Work order
Only these lines are needed: the first line of the entries below through the line with "Salgari, E: L’", each returned exactly.

Task input
:::::

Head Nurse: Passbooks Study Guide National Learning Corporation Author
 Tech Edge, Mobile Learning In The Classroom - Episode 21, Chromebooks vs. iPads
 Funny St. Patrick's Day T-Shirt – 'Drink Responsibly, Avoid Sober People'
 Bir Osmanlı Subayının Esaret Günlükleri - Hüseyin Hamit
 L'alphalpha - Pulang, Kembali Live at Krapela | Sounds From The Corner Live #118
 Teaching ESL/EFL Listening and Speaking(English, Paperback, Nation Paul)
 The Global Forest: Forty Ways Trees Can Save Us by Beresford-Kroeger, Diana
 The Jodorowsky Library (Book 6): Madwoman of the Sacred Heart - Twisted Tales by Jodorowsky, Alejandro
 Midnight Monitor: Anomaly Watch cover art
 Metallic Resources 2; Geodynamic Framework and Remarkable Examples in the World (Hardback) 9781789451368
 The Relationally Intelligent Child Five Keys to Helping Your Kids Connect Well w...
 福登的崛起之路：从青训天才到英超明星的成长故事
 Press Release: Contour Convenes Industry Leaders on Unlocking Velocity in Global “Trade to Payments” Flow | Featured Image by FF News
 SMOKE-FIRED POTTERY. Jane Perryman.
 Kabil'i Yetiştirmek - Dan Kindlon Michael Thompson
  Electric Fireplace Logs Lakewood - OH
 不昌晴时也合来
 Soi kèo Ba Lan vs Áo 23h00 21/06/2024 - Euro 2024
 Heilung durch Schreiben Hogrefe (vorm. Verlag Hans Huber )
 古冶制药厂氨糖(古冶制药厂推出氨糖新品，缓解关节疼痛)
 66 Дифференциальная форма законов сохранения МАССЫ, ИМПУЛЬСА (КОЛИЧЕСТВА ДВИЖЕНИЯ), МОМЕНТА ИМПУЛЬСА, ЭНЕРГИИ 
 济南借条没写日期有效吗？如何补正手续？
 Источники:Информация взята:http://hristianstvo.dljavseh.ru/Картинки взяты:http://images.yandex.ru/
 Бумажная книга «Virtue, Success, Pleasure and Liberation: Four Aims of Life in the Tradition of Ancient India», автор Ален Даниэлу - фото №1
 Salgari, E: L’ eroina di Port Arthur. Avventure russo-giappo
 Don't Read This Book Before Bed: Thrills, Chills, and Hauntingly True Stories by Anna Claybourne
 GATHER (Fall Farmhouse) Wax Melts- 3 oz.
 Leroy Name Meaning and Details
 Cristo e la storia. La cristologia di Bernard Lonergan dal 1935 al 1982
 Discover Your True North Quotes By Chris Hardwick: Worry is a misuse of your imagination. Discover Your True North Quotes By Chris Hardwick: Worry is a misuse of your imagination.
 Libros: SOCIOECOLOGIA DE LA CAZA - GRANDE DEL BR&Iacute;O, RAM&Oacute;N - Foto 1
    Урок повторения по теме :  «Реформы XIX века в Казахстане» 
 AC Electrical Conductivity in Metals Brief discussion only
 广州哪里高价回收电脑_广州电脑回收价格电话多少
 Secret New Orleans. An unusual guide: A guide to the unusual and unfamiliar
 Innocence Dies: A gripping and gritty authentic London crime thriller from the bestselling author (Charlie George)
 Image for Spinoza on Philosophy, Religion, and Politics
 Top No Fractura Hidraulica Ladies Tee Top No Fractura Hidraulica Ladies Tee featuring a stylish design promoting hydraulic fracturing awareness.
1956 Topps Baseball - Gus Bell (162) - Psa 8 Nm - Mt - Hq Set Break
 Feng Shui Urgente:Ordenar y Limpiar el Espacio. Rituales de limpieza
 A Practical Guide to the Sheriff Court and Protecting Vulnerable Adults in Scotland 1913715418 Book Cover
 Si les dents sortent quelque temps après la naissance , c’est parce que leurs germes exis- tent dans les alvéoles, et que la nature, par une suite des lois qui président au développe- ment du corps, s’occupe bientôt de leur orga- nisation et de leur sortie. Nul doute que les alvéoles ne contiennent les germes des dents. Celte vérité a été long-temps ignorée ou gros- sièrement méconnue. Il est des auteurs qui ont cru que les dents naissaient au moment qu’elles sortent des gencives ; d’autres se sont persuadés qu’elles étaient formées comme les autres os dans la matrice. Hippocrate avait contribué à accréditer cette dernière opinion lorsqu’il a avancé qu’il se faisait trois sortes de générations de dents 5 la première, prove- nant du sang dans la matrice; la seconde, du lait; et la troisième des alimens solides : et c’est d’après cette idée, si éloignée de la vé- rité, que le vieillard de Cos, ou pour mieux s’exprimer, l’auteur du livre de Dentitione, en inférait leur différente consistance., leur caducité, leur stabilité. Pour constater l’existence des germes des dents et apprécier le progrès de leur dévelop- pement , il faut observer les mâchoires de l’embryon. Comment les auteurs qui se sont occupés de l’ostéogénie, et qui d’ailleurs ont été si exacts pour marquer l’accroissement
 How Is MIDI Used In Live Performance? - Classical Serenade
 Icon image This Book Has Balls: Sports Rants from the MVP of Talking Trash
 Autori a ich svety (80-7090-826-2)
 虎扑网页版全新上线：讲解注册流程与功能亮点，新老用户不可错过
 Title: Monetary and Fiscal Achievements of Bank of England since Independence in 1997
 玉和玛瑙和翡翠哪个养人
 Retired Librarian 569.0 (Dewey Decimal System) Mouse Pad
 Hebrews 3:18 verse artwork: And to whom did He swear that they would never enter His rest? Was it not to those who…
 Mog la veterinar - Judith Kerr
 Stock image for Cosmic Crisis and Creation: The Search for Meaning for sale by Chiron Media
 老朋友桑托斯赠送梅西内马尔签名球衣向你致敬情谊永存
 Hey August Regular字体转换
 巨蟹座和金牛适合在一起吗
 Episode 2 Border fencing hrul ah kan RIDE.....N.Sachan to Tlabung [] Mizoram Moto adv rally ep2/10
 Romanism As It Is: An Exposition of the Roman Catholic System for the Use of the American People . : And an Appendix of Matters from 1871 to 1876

:::::

Response to this exercise
Head Nurse: Passbooks Study Guide National Learning Corporation Author
 Tech Edge, Mobile Learning In The Classroom - Episode 21, Chromebooks vs. iPads
 Funny St. Patrick's Day T-Shirt – 'Drink Responsibly, Avoid Sober People'
 Bir Osmanlı Subayının Esaret Günlükleri - Hüseyin Hamit
 L'alphalpha - Pulang, Kembali Live at Krapela | Sounds From The Corner Live #118
 Teaching ESL/EFL Listening and Speaking(English, Paperback, Nation Paul)
 The Global Forest: Forty Ways Trees Can Save Us by Beresford-Kroeger, Diana
 The Jodorowsky Library (Book 6): Madwoman of the Sacred Heart - Twisted Tales by Jodorowsky, Alejandro
 Midnight Monitor: Anomaly Watch cover art
 Metallic Resources 2; Geodynamic Framework and Remarkable Examples in the World (Hardback) 9781789451368
 The Relationally Intelligent Child Five Keys to Helping Your Kids Connect Well w...
 福登的崛起之路：从青训天才到英超明星的成长故事
 Press Release: Contour Convenes Industry Leaders on Unlocking Velocity in Global “Trade to Payments” Flow | Featured Image by FF News
 SMOKE-FIRED POTTERY. Jane Perryman.
 Kabil'i Yetiştirmek - Dan Kindlon Michael Thompson
  Electric Fireplace Logs Lakewood - OH
 不昌晴时也合来
 Soi kèo Ba Lan vs Áo 23h00 21/06/2024 - Euro 2024
 Heilung durch Schreiben Hogrefe (vorm. Verlag Hans Huber )
 古冶制药厂氨糖(古冶制药厂推出氨糖新品，缓解关节疼痛)
 66 Дифференциальная форма законов сохранения МАССЫ, ИМПУЛЬСА (КОЛИЧЕСТВА ДВИЖЕНИЯ), МОМЕНТА ИМПУЛЬСА, ЭНЕРГИИ 
 济南借条没写日期有效吗？如何补正手续？
 Источники:Информация взята:http://hristianstvo.dljavseh.ru/Картинки взяты:http://images.yandex.ru/
 Бумажная книга «Virtue, Success, Pleasure and Liberation: Four Aims of Life in the Tradition of Ancient India», автор Ален Даниэлу - фото №1
 Salgari, E: L’ eroina di Port Arthur. Avventure russo-giappo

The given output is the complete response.